I found a few other options too, but they were either Windows-only, or commercial offerings that I can't justify using for an open-source project.

When I was about to give up the search for the day, I stumbled across this page on generating documentation by the mono project, who just happen to be the ones behind mono, the cross-platform .NET runtime that runs on Linux, macOS, and, of course, Windows. They're also the ones who have built mcs, the C♯ compiler that compliments the mono runtime.

Apparently, they've also built a documentation generation that has the ability to export to HTML. While it's certainly nothing fancy, it does look like you've all the power you need at your fingertips to customise the look and feel by tweaking the XSLT stylesheet it renders with, should you need it.

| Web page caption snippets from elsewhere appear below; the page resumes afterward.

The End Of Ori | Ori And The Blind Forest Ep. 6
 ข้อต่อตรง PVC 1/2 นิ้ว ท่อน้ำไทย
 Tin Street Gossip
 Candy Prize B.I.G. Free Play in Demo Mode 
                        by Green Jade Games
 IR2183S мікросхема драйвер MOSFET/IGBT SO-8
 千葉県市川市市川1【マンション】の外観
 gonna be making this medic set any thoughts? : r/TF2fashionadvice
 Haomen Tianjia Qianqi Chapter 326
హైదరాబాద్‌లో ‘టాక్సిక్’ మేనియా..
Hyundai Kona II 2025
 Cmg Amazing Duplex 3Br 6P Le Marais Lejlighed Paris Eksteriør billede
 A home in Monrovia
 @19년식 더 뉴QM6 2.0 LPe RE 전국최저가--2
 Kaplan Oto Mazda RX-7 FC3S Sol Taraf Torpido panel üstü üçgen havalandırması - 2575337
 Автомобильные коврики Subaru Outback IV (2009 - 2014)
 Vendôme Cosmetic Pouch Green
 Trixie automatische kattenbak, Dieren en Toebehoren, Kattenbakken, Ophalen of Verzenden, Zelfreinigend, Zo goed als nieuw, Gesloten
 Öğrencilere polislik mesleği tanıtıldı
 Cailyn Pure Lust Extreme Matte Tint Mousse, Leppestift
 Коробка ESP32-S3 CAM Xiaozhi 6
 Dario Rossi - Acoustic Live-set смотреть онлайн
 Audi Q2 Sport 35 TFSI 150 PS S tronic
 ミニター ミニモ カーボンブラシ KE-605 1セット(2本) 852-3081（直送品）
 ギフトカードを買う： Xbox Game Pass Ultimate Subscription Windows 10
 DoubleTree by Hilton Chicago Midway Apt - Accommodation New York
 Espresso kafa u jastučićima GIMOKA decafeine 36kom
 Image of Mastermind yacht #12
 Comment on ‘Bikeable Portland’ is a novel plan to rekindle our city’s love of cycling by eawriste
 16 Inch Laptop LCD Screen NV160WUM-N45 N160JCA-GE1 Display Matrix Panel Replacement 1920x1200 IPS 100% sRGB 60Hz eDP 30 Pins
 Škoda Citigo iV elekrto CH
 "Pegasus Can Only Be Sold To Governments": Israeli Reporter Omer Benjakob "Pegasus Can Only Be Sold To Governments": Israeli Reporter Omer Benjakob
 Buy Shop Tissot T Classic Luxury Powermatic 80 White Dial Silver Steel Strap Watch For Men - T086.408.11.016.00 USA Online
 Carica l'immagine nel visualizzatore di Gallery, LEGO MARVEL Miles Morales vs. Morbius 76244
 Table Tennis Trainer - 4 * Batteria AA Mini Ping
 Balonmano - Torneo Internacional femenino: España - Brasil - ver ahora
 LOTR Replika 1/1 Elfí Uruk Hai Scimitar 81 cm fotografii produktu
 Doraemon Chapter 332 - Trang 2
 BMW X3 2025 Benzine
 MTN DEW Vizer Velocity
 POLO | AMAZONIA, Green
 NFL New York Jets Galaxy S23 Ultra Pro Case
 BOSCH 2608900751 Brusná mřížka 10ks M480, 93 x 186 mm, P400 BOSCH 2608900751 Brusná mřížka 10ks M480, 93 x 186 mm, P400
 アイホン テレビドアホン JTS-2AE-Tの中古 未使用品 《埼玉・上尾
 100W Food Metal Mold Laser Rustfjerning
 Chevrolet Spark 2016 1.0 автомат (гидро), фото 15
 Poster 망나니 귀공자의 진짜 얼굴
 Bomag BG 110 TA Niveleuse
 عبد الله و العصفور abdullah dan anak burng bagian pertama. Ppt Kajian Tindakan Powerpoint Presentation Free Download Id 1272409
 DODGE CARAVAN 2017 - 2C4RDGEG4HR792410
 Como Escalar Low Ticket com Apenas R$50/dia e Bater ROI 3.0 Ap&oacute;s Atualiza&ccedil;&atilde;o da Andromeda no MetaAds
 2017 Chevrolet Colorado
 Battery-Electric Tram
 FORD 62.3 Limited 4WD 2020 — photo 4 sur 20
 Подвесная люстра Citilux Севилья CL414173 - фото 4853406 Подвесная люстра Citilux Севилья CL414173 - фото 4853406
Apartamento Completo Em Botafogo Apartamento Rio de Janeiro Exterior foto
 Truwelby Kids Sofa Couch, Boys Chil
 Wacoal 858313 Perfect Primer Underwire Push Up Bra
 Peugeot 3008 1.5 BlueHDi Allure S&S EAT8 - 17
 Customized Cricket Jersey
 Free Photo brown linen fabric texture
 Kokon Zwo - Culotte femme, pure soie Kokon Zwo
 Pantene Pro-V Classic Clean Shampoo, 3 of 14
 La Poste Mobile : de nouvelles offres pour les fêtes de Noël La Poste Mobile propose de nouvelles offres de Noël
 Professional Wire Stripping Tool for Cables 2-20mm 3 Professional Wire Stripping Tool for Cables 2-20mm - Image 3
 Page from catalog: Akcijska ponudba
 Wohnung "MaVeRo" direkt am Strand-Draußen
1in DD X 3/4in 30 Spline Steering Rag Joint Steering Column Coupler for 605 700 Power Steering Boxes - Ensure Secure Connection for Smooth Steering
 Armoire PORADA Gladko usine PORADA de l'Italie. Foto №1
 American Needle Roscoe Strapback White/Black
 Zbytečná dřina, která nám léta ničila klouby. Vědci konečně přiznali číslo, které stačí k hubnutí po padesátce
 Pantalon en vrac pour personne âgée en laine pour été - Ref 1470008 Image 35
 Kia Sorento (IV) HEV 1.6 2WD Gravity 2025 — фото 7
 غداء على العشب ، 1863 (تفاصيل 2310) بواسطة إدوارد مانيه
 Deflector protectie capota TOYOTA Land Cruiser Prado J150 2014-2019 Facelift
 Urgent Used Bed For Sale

After a bit of research, I found this pair of commands to build the documentation for me quite nicely:

mdoc update -o docs_xml/ -i GlidingSquirrel.xml GlidingSquirrel.dll
mdoc export-html --out docs/ docs_xml

The first command builds the multi-page XML tree from the XML documentation generated during the build process (make sure the "Generate xml documentation" option is ticked in the project build options!), and the second one transforms that into HTML that you can view in your browser.

With the commands figured out, I set about including it in my build process. Here's what I came up with:

<Target Name="AfterBuild">
    <Message Importance="high" Text="----------[ Building documentation ]----------" />

    <Exec Command="mdoc update -o docs_xml/ -i GlidingSquirrel.xml GlidingSquirrel.dll" WorkingDirectory="$(TargetDir)" IgnoreExitCode="true" />
    <Exec Command="mdoc export-html --out $(SolutionDir)/docs docs_xml" WorkingDirectory="$(TargetDir)" IgnoreExitCode="true" />
</Target>

This outputs the documentation to the docs/ folder in the root of the solution. If you're a bit confused as to how to utilise this in your own project, then perhaps the Untangling MSBuild post I wrote to figure out how MSBuild works can help! You can view the GlidingSquirrel's automatically-generated documentation here. It's nothing fancy (yet), but it certainly does the job. I'll have to look into prettifying it later!